===== MATERIAL SHOWN
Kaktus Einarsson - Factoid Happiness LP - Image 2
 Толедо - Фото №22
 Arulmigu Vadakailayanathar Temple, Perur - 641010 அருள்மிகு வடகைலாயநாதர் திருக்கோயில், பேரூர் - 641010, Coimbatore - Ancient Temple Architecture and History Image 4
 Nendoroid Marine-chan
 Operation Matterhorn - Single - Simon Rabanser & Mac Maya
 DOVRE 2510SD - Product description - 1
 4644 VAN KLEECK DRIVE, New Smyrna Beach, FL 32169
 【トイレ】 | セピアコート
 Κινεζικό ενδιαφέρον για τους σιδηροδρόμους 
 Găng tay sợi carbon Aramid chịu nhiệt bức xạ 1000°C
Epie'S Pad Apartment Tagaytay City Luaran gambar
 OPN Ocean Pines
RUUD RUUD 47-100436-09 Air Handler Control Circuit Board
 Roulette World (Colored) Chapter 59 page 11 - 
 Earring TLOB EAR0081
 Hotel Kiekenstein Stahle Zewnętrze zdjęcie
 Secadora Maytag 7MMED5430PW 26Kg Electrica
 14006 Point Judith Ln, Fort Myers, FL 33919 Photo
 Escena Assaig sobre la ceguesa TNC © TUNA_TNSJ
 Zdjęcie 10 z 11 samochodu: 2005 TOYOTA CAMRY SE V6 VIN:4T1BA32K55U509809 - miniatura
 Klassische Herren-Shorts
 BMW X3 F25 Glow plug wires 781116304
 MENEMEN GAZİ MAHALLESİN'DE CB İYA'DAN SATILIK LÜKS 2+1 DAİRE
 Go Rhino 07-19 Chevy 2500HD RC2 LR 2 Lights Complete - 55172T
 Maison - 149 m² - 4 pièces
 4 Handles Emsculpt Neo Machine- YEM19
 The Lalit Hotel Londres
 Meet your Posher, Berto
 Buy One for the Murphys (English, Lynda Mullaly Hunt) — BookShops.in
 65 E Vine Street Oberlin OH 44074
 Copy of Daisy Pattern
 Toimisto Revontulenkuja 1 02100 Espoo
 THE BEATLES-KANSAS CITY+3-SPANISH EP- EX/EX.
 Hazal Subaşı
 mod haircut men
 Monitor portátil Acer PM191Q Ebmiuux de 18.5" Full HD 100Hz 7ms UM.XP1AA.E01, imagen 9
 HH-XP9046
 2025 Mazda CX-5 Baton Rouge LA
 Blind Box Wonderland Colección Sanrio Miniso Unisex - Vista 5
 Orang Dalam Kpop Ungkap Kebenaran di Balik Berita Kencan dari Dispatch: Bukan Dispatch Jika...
==========
WHAT YOU WILL DO
Which of the lines above carry the string "Hotel"? Pick them out and copy them.

ANSWER SPACE
 Hotel Kiekenstein Stahle Zewnętrze zdjęcie
 The Lalit Hotel Londres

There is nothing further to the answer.